UHC successfully deployed enhancements to its 835/Electronic Remittance Advice (ERA) on March 20, 2010. The enhancements apply to UnitedHealthcare Government and other lines of business and focused on changes to the reporting of Member Identification Numbers on 835s.
Previously, if a member identification number that was submitted on a claim was different from the member identification number that the claim adjudicated under, the 835 would report only the member ID number that the claim adjudicated under. The 16 digit member ID consisted of the group number, member's ID number, and proprietary patient relationship code, which were combined and reported in one element of the 835 transaction.
With the enhancements, the 835 now returns the original member ID that is submitted on the claim. This is reported in the Patient Name (NM1 with QC Qualifier) and Insured Name, if applicable, segment(s) (NM1 with IL Qualifier). If the submitted member ID is different than the adjudicated member ID, the nine digit corrected member identification number is returned in the Corrected Patient /Insured Name (NM1 with 74 Qualifier) segment.
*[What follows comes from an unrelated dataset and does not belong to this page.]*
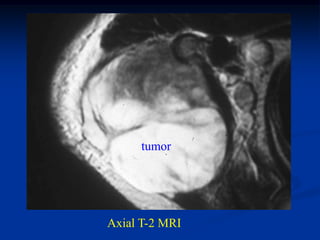 tumor




Axial T-2 MRI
The changes explained in this article apply to UnitedHealthcare government and other lines of business claims received by UnitedHealthcare on or after March 20, 2010. Claims received prior to this date report the 16 digit member ID with no corrected member ID (NM1*74). For full release details including 835 examples, please refer to the Update for Government and Other Business Completed notice in the News section of UnitedHealthcareOnline.com (post date April 5, 2010).